Ruth Rendell aka Barbara Vine writes two kinds of books. The Ruth Rendell/Inspector Wexford books are in a series and are typical British mysteries/police procedurals. The Barbara Vine books are generally spooky and darker. I prefer Inspector Wexford. The first book in the series is From Doon with Death and there are at least fifteen altogether. I read these novels a while ago but remember starting with one and just keeping on going. You can read the series in order or try this one that is on sale today. If you like traditional British mysteries, you may have already read these. If not you have a treat in store.
From Publishers Weekly
Starred Review. In addition to solving two long-ago murders, Chief Inspector Wexford is troubled by female genital mutilation in the local Somali community. The temptation would be to cut the subplot, but this abridgment retains the richness of the novel. Tim Curry’s performance is splendid, even better than Daniel Gerroll’s excellent performance of Rendell’s End in Tears.

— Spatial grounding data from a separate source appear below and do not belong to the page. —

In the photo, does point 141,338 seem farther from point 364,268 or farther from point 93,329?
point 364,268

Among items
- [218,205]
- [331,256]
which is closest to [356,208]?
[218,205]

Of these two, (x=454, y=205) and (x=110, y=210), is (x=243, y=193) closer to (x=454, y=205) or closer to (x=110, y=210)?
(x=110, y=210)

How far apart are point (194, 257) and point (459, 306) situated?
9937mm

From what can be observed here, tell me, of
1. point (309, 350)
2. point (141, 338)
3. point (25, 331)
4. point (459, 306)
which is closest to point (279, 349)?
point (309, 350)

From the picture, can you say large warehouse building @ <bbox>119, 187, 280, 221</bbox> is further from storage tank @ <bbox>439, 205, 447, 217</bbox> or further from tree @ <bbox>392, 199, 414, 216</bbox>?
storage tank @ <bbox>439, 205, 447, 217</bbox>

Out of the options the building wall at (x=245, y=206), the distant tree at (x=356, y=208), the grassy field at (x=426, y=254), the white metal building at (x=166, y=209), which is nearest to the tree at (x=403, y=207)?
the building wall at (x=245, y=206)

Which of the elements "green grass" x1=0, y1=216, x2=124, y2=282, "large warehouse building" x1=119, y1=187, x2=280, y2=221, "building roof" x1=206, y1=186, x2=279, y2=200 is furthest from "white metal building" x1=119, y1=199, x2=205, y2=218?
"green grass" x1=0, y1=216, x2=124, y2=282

Curry does a particularly marvelous job with the minor characters, such as the two wives-in-law of a local author, who cackle at the sexual innuendos of their own jokes. Then there’s 84-year-old Irene McNeil, alternately supercilious and weepy. Throw in the obsessive Grimbles, on whose land the bodies were found; some migrant fruit-picking Roma; Wexford’s family; Somali immigrants; and Curry somehow sounds like a full-cast audio. If only Wexford sounded less like his assistant Burden, the performance would be absolutely perfect. A Crown hardcover (reviewed online). (July)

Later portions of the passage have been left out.